Cloud computing provides scalable, on-demand computing power through virtualized resources.

Fog Computing

A decentralized computing model where computation occurs closer to the data source.

Immediate Scheduling

Tasks are assigned to Virtual Machines as soon as they arrive.

Batch Scheduling

Tasks are grouped into batches before being scheduled, often called mapping events.

Static Scheduling

Based on prior knowledge of the system's global state and typically uses Round Robin.

Dynamic Scheduling

Considers real-time VM states for decision-making and adjusts task assignments based on current system load.

Preemptive Scheduling

Tasks can be interrupted and reassigned to another machine mid-execution.

Non-Preemptive Scheduling

Once a task starts execution, it cannot be reallocated until it completes.

Fog Broker

Acts as the central control unit managing tasks between cloud nodes and fog nodes.

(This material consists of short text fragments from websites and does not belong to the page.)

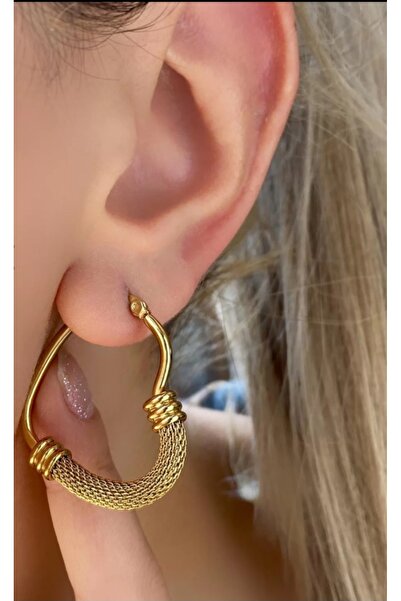 Aylish Bijuteri حلق ذهبي بتفاصيل قلب ذهبي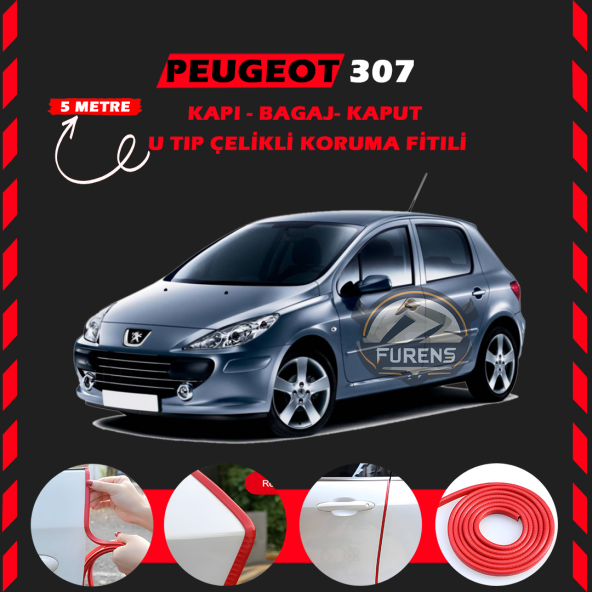 Peugeot 307 Oto Araç Kapı Koruma Fitili 5metre Parlak Kırmızı Renk ürün görseli 1
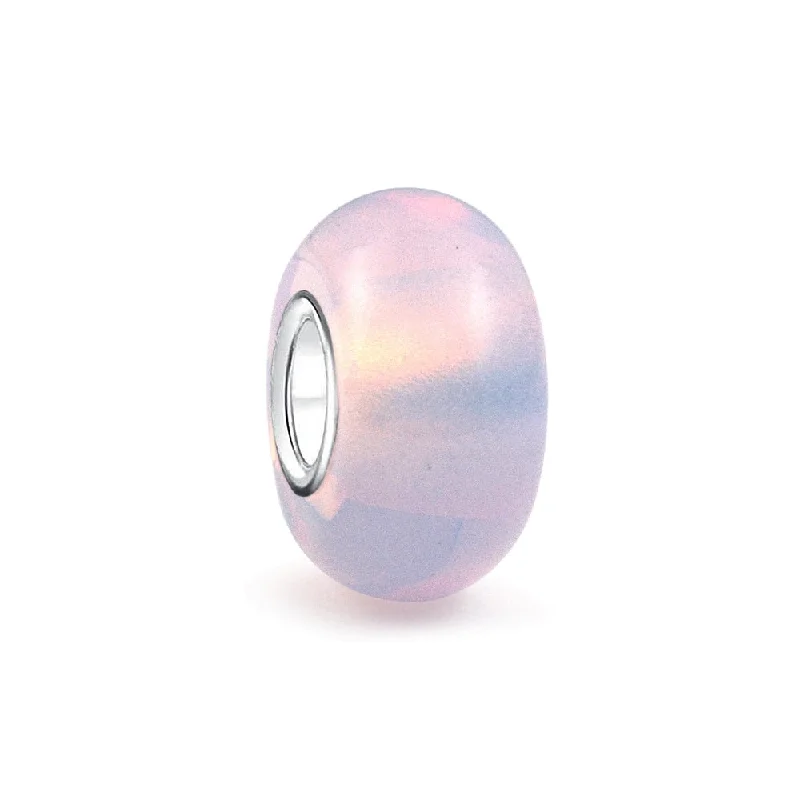 oval bangles for women-Milky Pink Opaque Murano Glass Charm Bead Sterling Silver Core for Bracelets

Task Scheduler & Resource Monitoring

Allocates tasks based on available resources and priority in Fog Computing

Queue Waiting Time

The time a task spends waiting before assignment to a machine.

Relaxed Execution Time

A flexible execution period, allowing minor delays while ensuring task completion within acceptable limits.

Min-CCV Algorithm

Optimizes task scheduling by minimizing computation, communication, and violation costs.

Min-V Algorithm

Algorithm that focuses primarily on minimizing deadline violations in task scheduling.

Admission Control

Restricting incoming workloads to prevent system overload.

Capacity Allocation

Assigns resources for service activations in cloud resource management.

Load Balancing

Ensures even distribution of workload across servers to prevent bottlenecks.

Energy Optimization

Minimizes power consumption in cloud resource management.

Quality of Service (QoS)

Maintains performance guarantees as specified per SLA.

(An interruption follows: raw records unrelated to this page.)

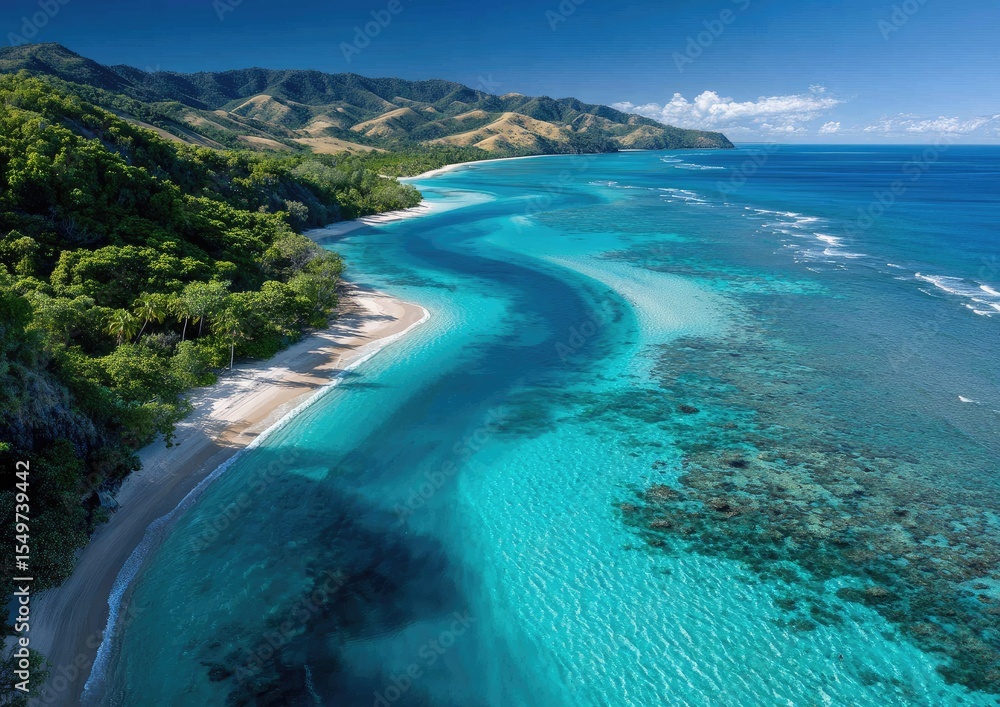 Aerial view of the Great Barrier Reef, Australia. Focused on vibrant blue waters and intricate coral reefs, with a clear sky in the background. Aerial view of the Great Barrier Reef, Australia. Focused on vibrant blue waters and intricate coral reefs, with a clear sky in the background.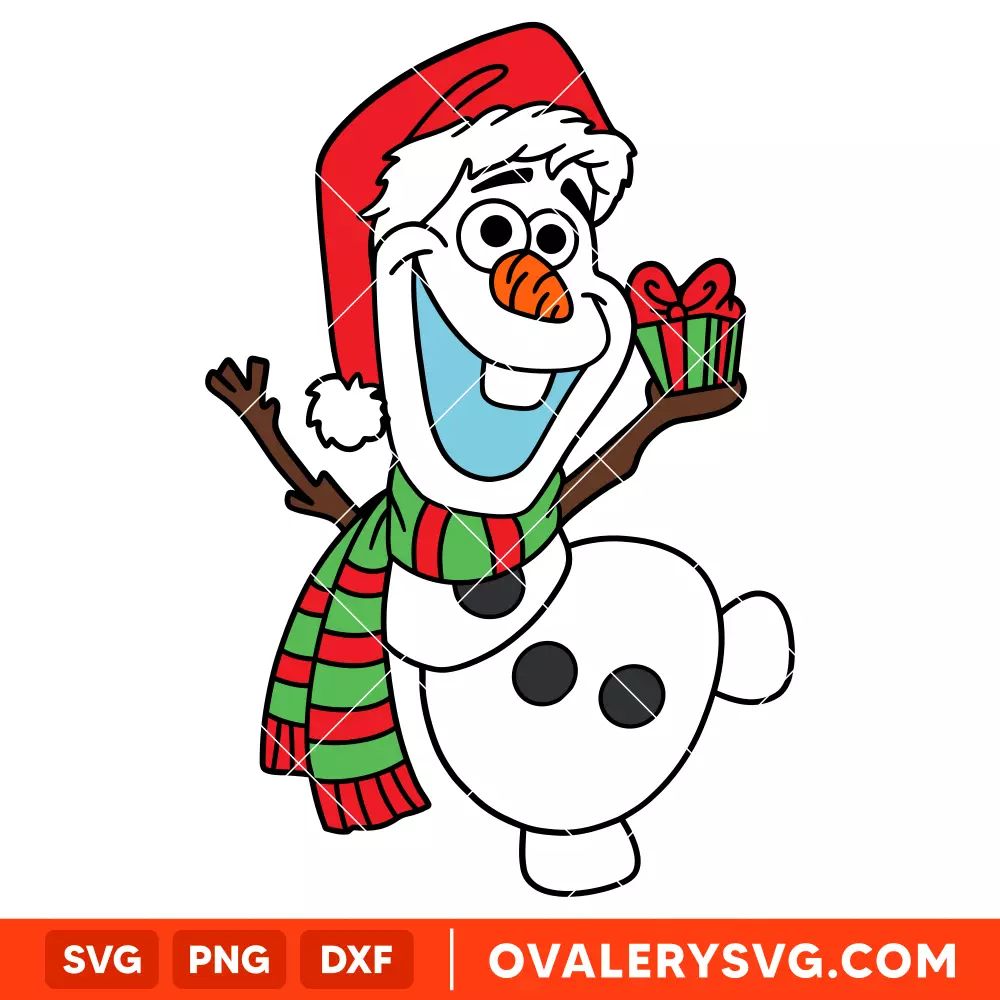 Christmas Olaf Santa SVG, Disney SVG | Instant Download SVG PNG Cut File for Cricut & Silhouette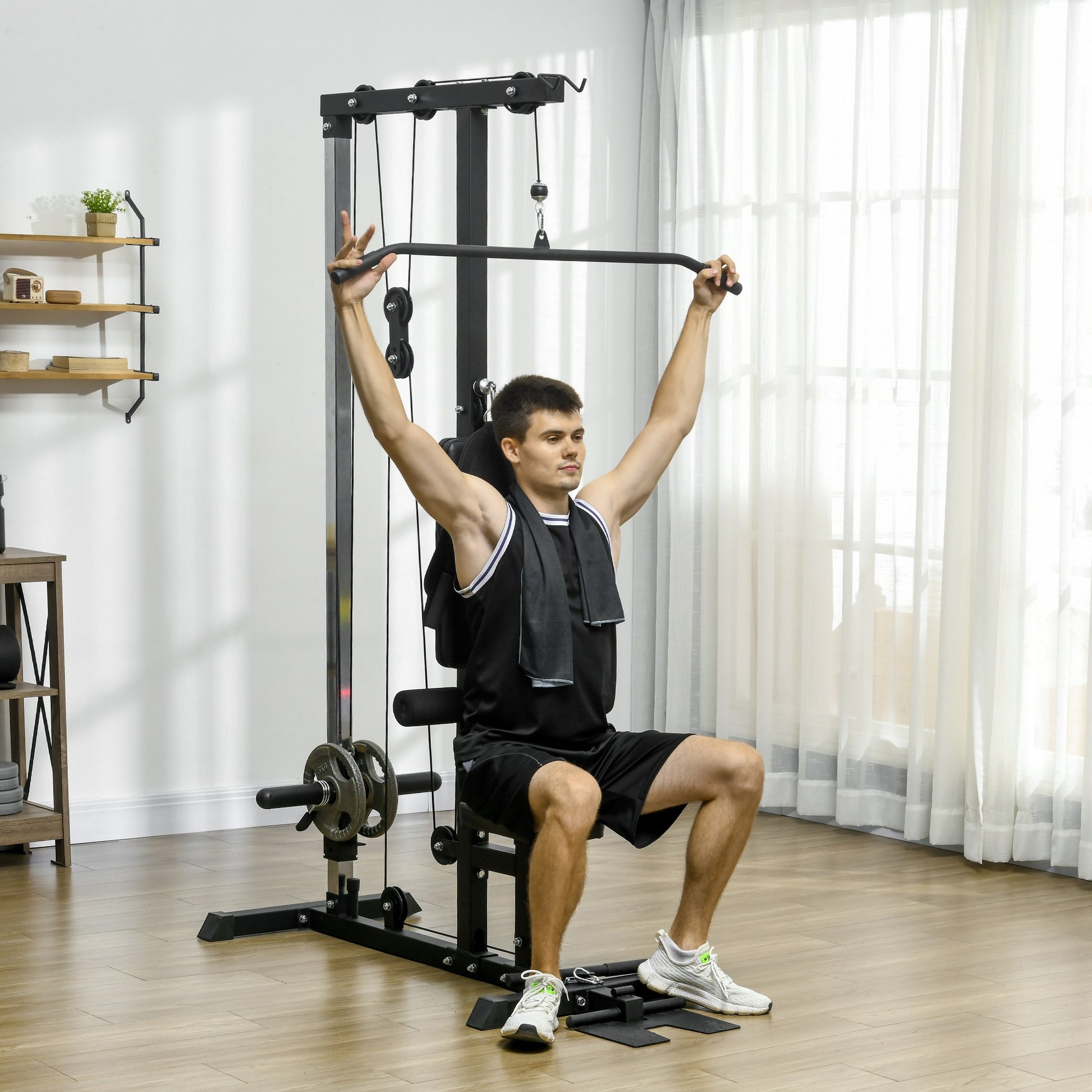 SPORTNOW Home Gym Power Tower multifunctional Lat Pulldown Station with Lat Pulldown Bar, Tricep Bar, up to 50 kg Weights Lat Pulldown Tower, Cable Pulldown Station Lat Pulldown Machine Fitness Equipment for Home Gym Strength Training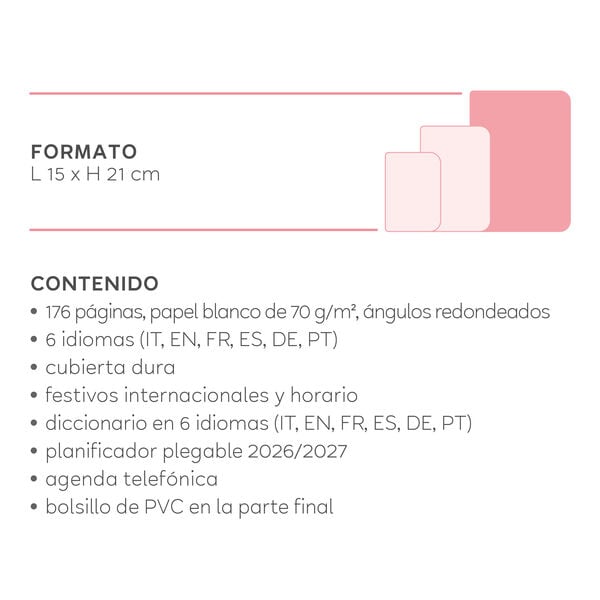 Agenda Semanal 2026/2027 16 Meses - Bee - Con Espiral - Large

Cloud Controller Structure

Uses real-time system feedback to predict disturbances to optimize performance and energy efficiency.

Predictive Filter

A mechanism to analyzes historical and real-time data to predict future resource demand and disturbances.

External Traffic

Incoming requests or workload entering the cloud system from users or applications.

Control Signal

Final decision output from the controller, specifying how resources should be allocated.

Weighting Factors

Parameters used to adjust the importance of performance versus resource efficiency in optimization calculations.

Best Practice for Controllers

Use separate controllers for power and performance in resource management.

Resource Sharing Levels

Servers shared among VMs, VMs hosting multiple applications, and applications with multiple threads.

Hard Deadlines

Strict time limits for task execution; missing them results in penalties.

Soft Deadlines

Flexible time limits for task execution with no penalties for missing them.

Correct and Reliable Operation

Ensuring systems run without interruption is a key business concern.

Study Notes

Virtual Machine Migration

• Migration moves VM instances across various physical hosts and ensures minimal downtime for running services.
• Services remain oblivious to migration while maintaining network connections, and VMs are treated as black boxes, keeping their internal state unchanged.

Types of VM Migration

Online (Live) Migration

• VM remains operational during the migration.
• Common reasons include host maintenance, balancing workloads, optimizing resource utilization, and it requires sufficient network bandwidth.
• Use cases include vacating a host, targeting a particular VM, balancing workloads, and optimizing resource utilization.

Offline Migration

• VM is shut down before migration.
• Requires fewer resources like CPU and memory.
• Necessary when live migration isn't supported, such as with different processor types.
• Use cases include less resource usage, different processor types, unsupported online migration, or stopped VMs requiring configuration information transfer.

Design Challenges

• Minimizing service downtime.
• Reducing migration duration.
• Avoiding disruptions to active applications.

Live Migration Techniques

Pre-copy Migration

• Memory pages are copied while the VM is running.
• A final stop-and-copy phase ensures data consistency. Steps:
  • Memory pages are copied to the destination while the VM continues running.
  • The process repeats for modified pages.
  • VM is briefly paused while the last memory pages are transferred.
• Pros: Reduces application performance impact.
• Cons: Requires multiple iterations, increases migration time.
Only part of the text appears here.